Contiguity may immediately suspend providing any or all Services to you, and your access to the Contiguity Technology, if:

(a) Contiguity believes it will violate any Law, Product Terms or Governmental Authority requirement;

(b) a Governmental Authority or a Communications / Identity Partner requires or directs Contiguity to do so;

(c) you do not update in a timely manner your implementation of the Services or Contiguity Technology to the latest production version Contiguity recommends or requires;

(d) you do not respond in a timely manner to Contiguity’s request for User Information or do not provide Contiguity adequate time to verify and process updated User Information;

(e) you breach this Agreement or any other agreement between the parties;

(f) you enter an Insolvency Proceeding;

(g) Contiguity believes that you are engaged in a business, trading practice or other activity that presents an unacceptable risk to Contiguity; or

(h) Contiguity believes that your use of the Services (i) is or may be harmful to Contiguity or any third party; (ii) presents an unacceptable level of risk; (iii) increases, or may increase, the rate of fraud that Contiguity observes; (iv) degrades, or may degrade, the security, stability or reliability of the Contiguity services, Contiguity Technology or any third party’s system (e.g., your involvement in a distributed denial of service attack); (v) enables or facilitates, or may enable or facilitate, illegal or prohibited transactions; or (vi) is or may be unlawful.

5.3 Survival

The following will survive termination of this Agreement:

(a) provisions that by their nature are intended to survive termination (including Sections 4, 4.2, 8.3, 10, 11 and 12 of these General Terms); and

(b) provisions that allocate risk, or limit or exclude a party’s liability, to the extent necessary to ensure that a party’s potential liability for acts and omissions that occur during the Term remains unchanged after this Agreement terminates.

6. Use Rights

6.1 Use of Services

Subject to the terms of this Agreement, Contiguity grants you a worldwide, non-exclusive, non-transferable, non-sublicensable, royalty-free license during the Term to access the Documentation, and access and use the Contiguity Technology, as long as your access and use is (a) solely as necessary to use the Services; (b) solely for your purposes; and (c) in compliance with this Agreement and the Documentation.

6.2 Feedback.

During the Term, you and your Affiliates may provide Feedback to a Contiguity Entity. You grant, on behalf of yourself and your Affiliates, to Contiguity and its Affiliates a perpetual, worldwide, non-exclusive, irrevocable, royalty-free license to exploit that Feedback for any purpose, including developing, improving, manufacturing, promoting, selling and maintaining the Contiguity services. All Feedback is Contiguity’s confidential information.

6.3 Marks Usage.

Subject to the terms of this Agreement, each party grants to the other party and its Affiliates a worldwide, non-exclusive, non-transferable, non-sublicensable, royalty-free license during the Term to use the Marks of the grantor party or its Affiliate solely to identify Contiguity as your service provider. Accordingly, Contiguity and its Affiliates may use those Marks:

(a) on Contiguity webpages and apps that identify Contiguity’s customers;

(b) in Contiguity’s sales/marketing materials and communications; and

(c) in connection with promotional activities to which the parties agree in writing.
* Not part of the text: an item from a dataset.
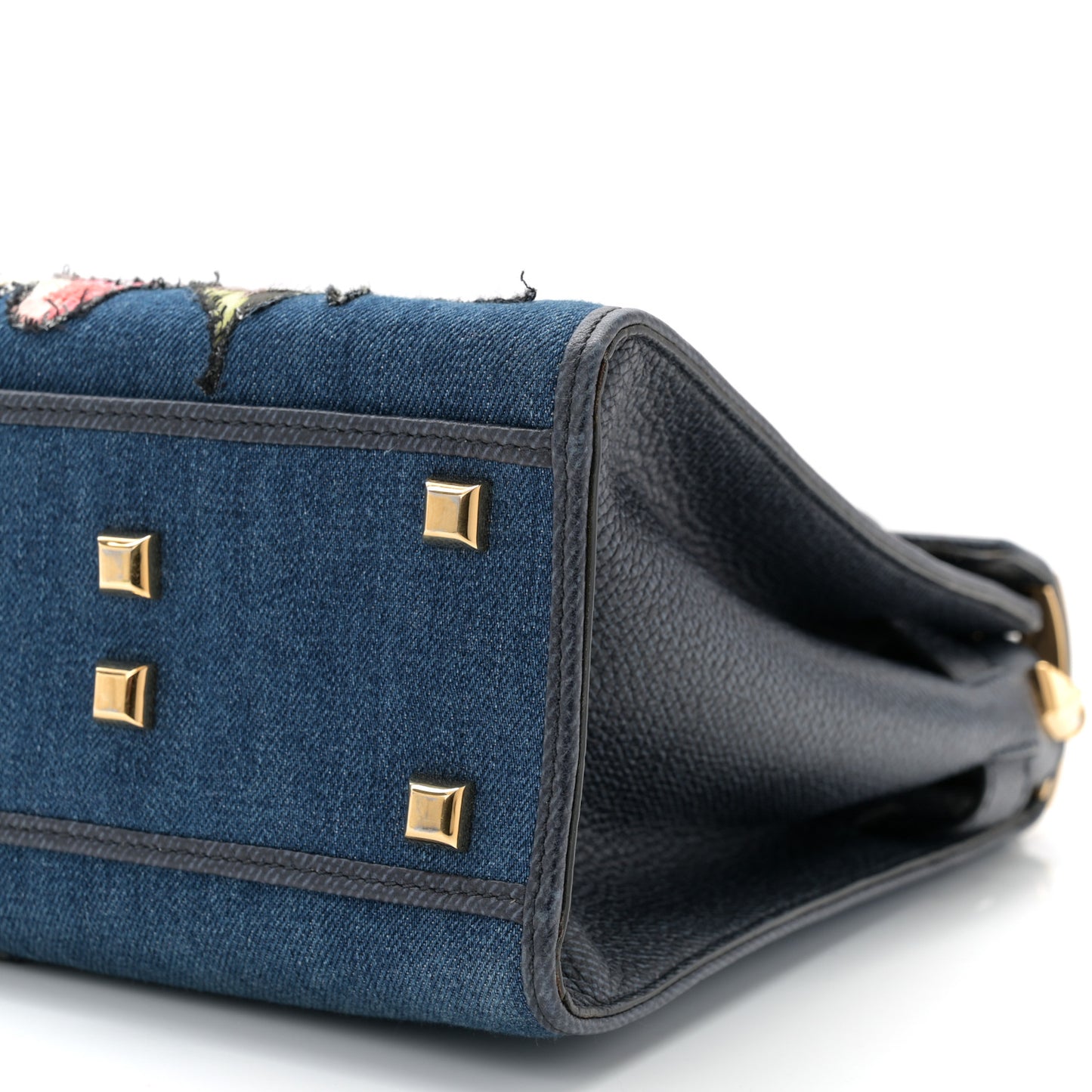 Denim Butterfly Embroidered My Rockstud Frame Bag Light Denim Multicolor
When using Marks of a Contiguity Entity, you must comply with the Contiguity Marks Usage Terms and all additional usage terms and guidelines that Contiguity provides to you in writing (if any). All goodwill generated from the use of Marks will inure to the sole benefit of the Mark owner.

6.4 No Joint Development; Reservation of Rights.

Any joint development between the parties will require and be subject to a separate agreement between the parties. Nothing in this Agreement assigns or transfers ownership of any IP Rights to the other party. All rights (including IP Rights) not expressly granted in this Agreement are reserved.

7. Privacy and Data Use

7.1 Privacy Policies

Each party will make available a Privacy Policy that complies with Law. Contiguity’s Privacy Policy explains how and for what purposes Contiguity collects, uses, retains, discloses and safeguards the Personal Data you provide to Contiguity.

7.2 Disclosures

When you provide Personal Data to Contiguity, or authorize Contiguity to collect Personal Data, you must provide all necessary notices to, and obtain all necessary rights and consents from, the applicable individuals (including your Customers) sufficient to enable Contiguity to lawfully collect, use, retain and disclose the Personal Data in the ways this Agreement and Contiguity’s Privacy Policy describe. You will determine the content of the notices you provide to your Customers.

7.3 Personal Data

Contiguity will Process Personal Data for the purposes described in Section 2 of the Data Processing Agreement. You are responsible for being aware of, and complying with, Law governing your use, storage and disclosure of Personal Data.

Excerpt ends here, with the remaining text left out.